Set a list of settings for the current session.
Syntax

SET [settingExprList]

Example

# set virtual warehouse
SET WAREHOUSE your_warehouse_name

# set role
SET ROLE AccountAdmin

# set if to choose ansi mode or not
SET ansi_sql = 1

Show Statement

SHOW DATABASES

Prints a list of all databases. The command does not require a running warehouse to execute.
Syntax

SHOW DATABASES

Examples

SHOW DATABASES
NameCreatedAtCreatedByUpdatedAtUpdatedByLastQueriedAtLastQueriedByCommentsEngine
db_name1162736652512345616273665251234561627366525123456comment here
db_name2162736652512345616273665251234561627366525123456comment here

SHOW TABLES

Displays a list of tables. The command does not require a running warehouse to execute.
Syntax

SHOW TABLES [FROM [databaseIdentifier] [LIKE STRING_LITERAL]

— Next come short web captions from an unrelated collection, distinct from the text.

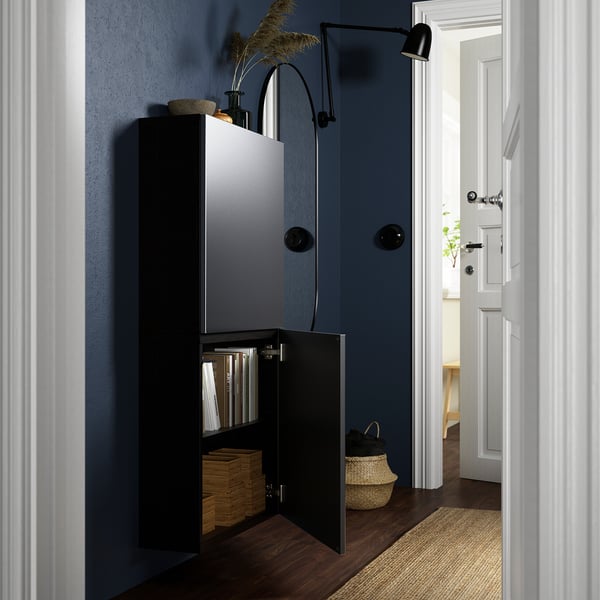 Modern wall cabinet with open door showing organized folders, books, and boxes.
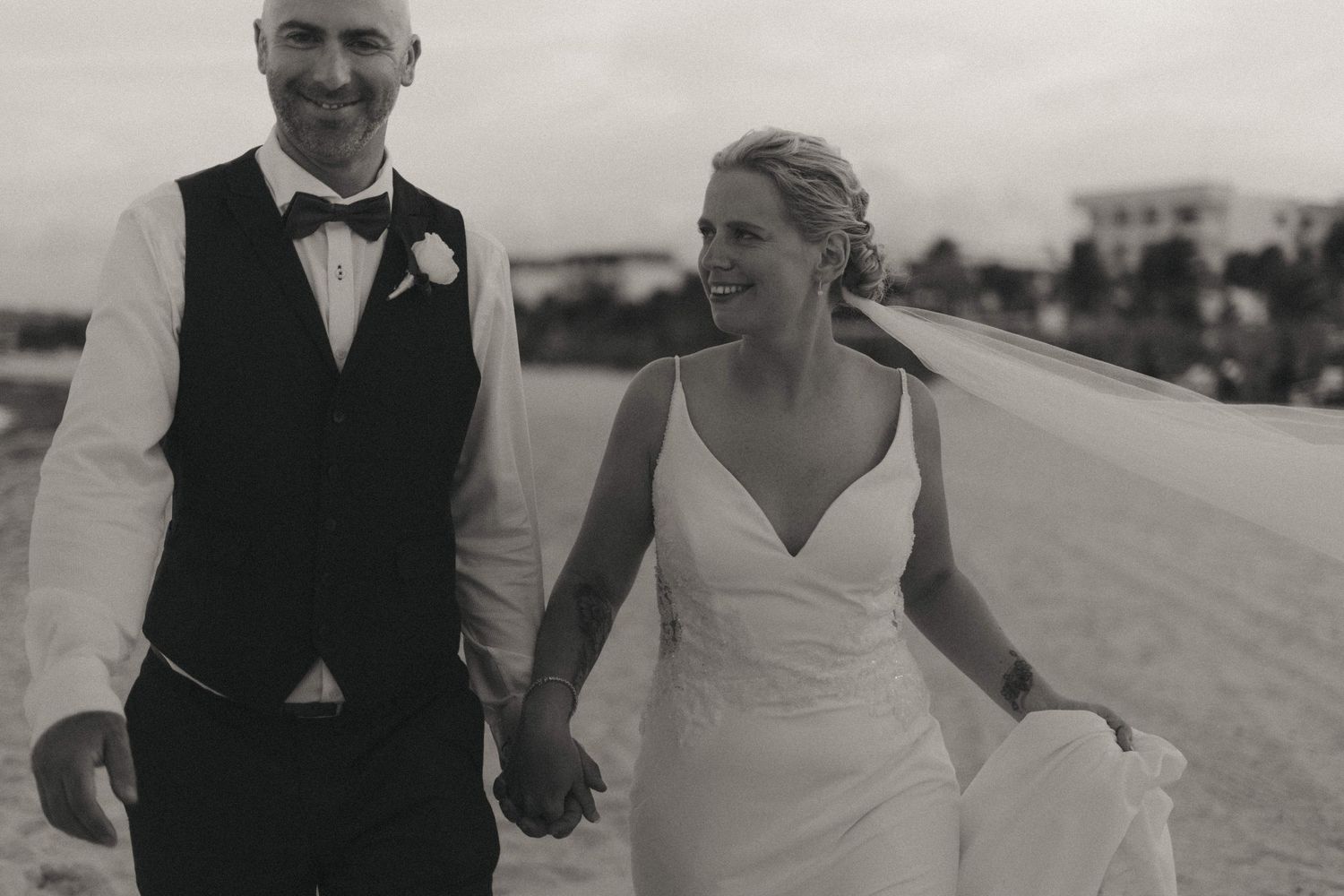 Newlyweds walking hand in hand along a sunny beach boardwalk.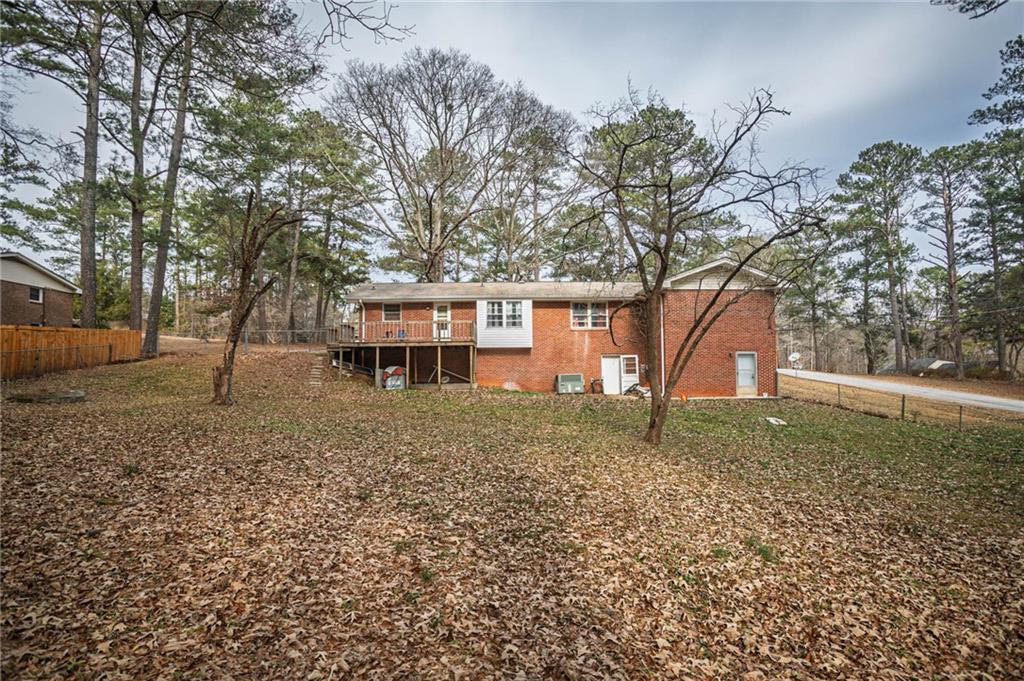 80 Stagecoach Circle Stockbridge, GA 30281 - Photo 36 of 38 a house is sitting in middle of the forest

If the FROM clause is not specified, the query returns the list of tables from the current database.
Example

SHOW TABLES FROM my_db LIKE '%table'
NameCreatedAtCreatedByUpdatedAtUpdatedByLastQueriedAtLastQueriedByTypeHasUniqueKey
sells_table162736652512345616273665251234561627366525123456TABLE0
view_table162736652512345616273665251234561627366525123456VIEW0

SHOW CREATE TABLE

Display table create sql
Syntax

SHOW CREATE [TABLE] [tableIdentifier]

Example

# step 1: create a table
CREATE TABLE `example_table`
(
    `order_by_column` String
)
ENGINE = `CnchMergeTree`
ORDER BY (`order_by_column`)

# step 2: show create table
SHOW CREATE TABLE example_table
Query
CREATE TABLE example_db.example_tableCOMMENT '',(, order_by_column String,),ENGINE=CnchMergeTree,PRIMARY KEY order_by_column,ORDER BY order_by_column;

Truncate Statement

Removes all data from a table.
Syntax

TRUNCATE TABLE [IF EXISTS] [tableIdentifier]

Example

TRUNCATE TABLE IF EXISTS example_table

Use Statement

Sets the current database for the session. The current database is used for searching for tables if the database is not explicitly defined in the query with a dot before the table name.
Note: This query can’t be made when using the HTTP protocol, since there is no concept of a session.

Syntax

USE [databaseIdentifier];

Example

USE example_db

Database Identifier

Syntax

database_name
  • database_name: String. Name of the database.

Table Identifier

Syntax

[database_name.]table_name
  • database_name: String. Name of the database.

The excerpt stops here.